Christmas, Personally Speaking
Are there not many ways to think about, well everything? Certainly! Who would disagree. Several days ago, I posted a reflection about Christmas that was about change, about illusion, and about “reality.” At the time I wanted to tell a post-modern story of an event that has occurred for over two millennia.
Early today when I stood at the counter in Starbucks waiting for my coffee one of the baristas asked “Are you ready for Christmas?’ The question could not have been more clear. December 24 is Christmas eve, and that is tomorrow. Christmas as event occurs on the morning of December 25th, as it did originally when a woman felt the labor pains of giving birth to a child. Ready or not, — Christmas unfolds as event.
Today I’d like offer some recent photos that serve as personal markers along the way to the happening of Christmas 2021. If you should dedicate some time to reflect, certainly you could offer some personal memories of your Christmas 2021. As always I am delighted when someone spends some valuable time to offer words of comment as a response to what I managed to write for that day.
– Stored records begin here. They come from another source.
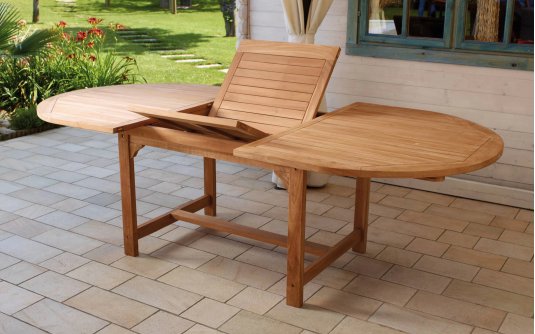 Stół ogrodowy ALICUDI 180/240×120 rozkładany z drewna teak na taras lub patio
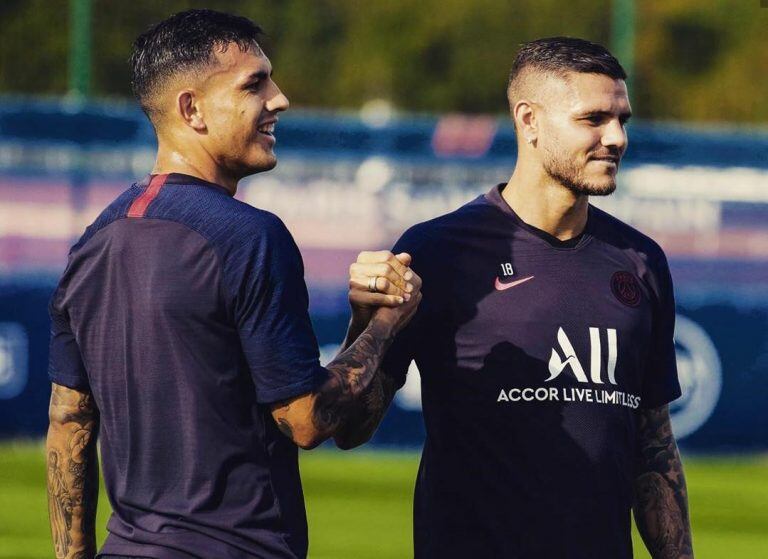 Una imagen publicada por Mauro Icardi, junto a Leandro Paredes (Foto: Instagram)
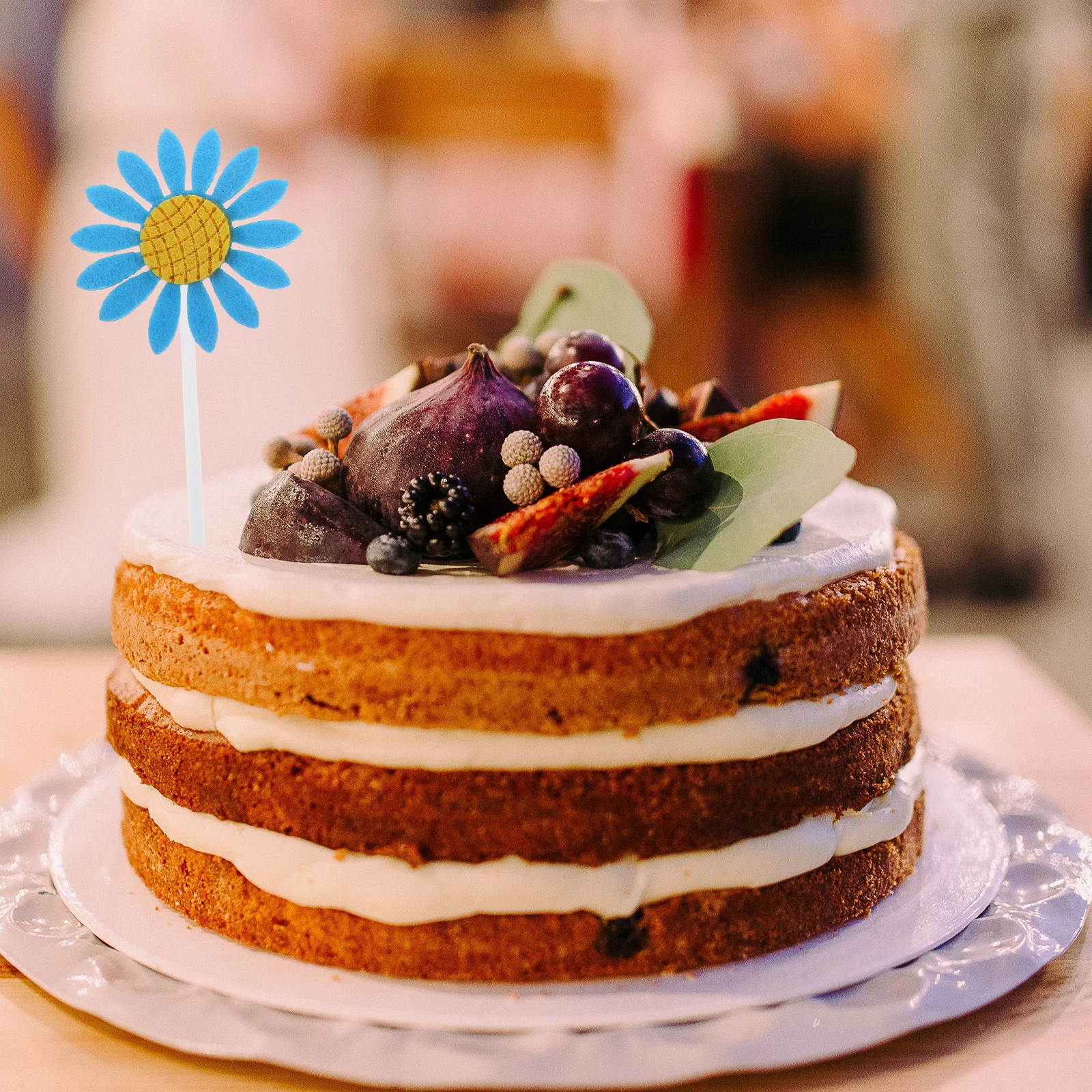 

100Pcs Sunflower Cake Toppers Felt Cute Birthday Party Wedding Shower Dessert Picks Food Decorations Sunflower Cake Toppers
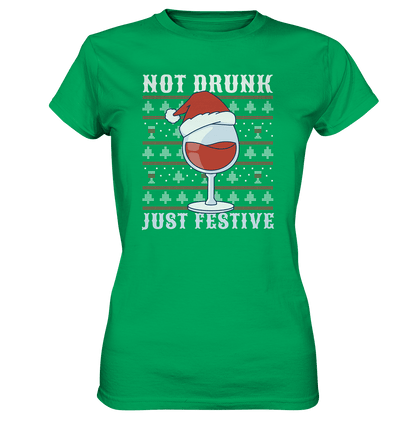 Not drunk, just festive - Weinliebhaber - Ladies Premium Shirt Kelly Green / XS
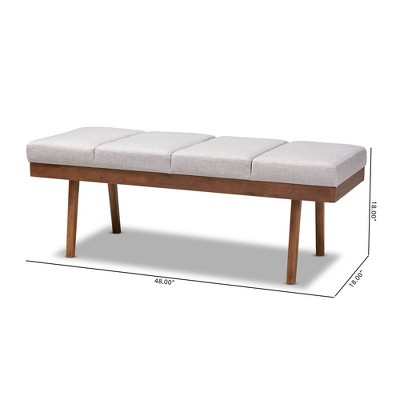 Larisa Beige and Walnut Brown Upholstered Wood Bench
I am reminded that every memory that rises to the surface counts, especially those with sharp edges, or those with a rough surface. Nothing is wasted, everything adds up to the one life which you and I are given to live.
Christmas arguably is the most important holiday of the year. Around the world nearly everyone is aware of Christmas If you live in the West cities, towns, and houses are embellished with celebratory decorations. Several evenings ago we drove around our neighborhood for a close up viewing of the lights which commemorate the holiday. At some homes family members have dedicated many hours to offer a “show” for public pleasure. This home was magnificent in simplicity, the form of the home and the dormant shrubs are outlined in light.
Christmas is personal. That is — Christmas as an event, is a feature of your mind, and of my mind. There is nothing that is outside of the mind’s reach. What I know, is what exists. The unknown does not exist “for me.” What is meant by “progress” — none other than the boundary-limit of my knowledge that incrementally increases day by day, year by year.
My granddaughter who just turned two years old reminds me of this everyday. In this photo she has achieved mastery of walking around with my indoor slippers. Motor skills increase in parallel with accomplished use of vocabulary, and the rules of syntax.
I wonder is this what we mean by “the soul”? Those special, innumerable layers of knowledge that constitutes each of us as individuals?
One more photo illustrating the joint project of knowledge acquisition and transmission. Indeed much of what I know has come through dialog with others, whether at firsthand face to face encounter, or through reading the words written in a book, or heard/experienced in a Youtube video, etc. Knowledge for the most part is a hand-off.
Our granddaughter is introduced to the pleasure and the challenge of baking Christmas cookies by her grandmother. How much do we owe to others who mindfully, skillfully handed us the baton of knowledge? I am the product of the good will, of the kindness of those who lived before me, and of my contemporaries who coached me to grasp all I have come to know.
Another photo, illustrates the wildness, the irrational that is always woven into the fabric of what is “believed” to be a rational cause and effect world. Several days ago, when invited to play a musical instrument I sat with my granddaughter on the floor. I played the stringed instrument, she played the blue electric guitar. After the fun, with an impish grin on her face, she tossed both instruments over the dutch door, down the carpeted stairs. Why? I doubt that she had any reason, just a desire to see what would happen.
This photo concludes the series, the traditional iconic image of Christmas, mother, child, and father. The silhouette conveys the mythic foundation of Christmas. Life, even a secure and happy life is felt possible, — in the simplicity, in the protection, in the empathic support of surrounding friends/family. Also I shouldn’t forget the openness and innocence that learning demands. Is that enough? I think it is.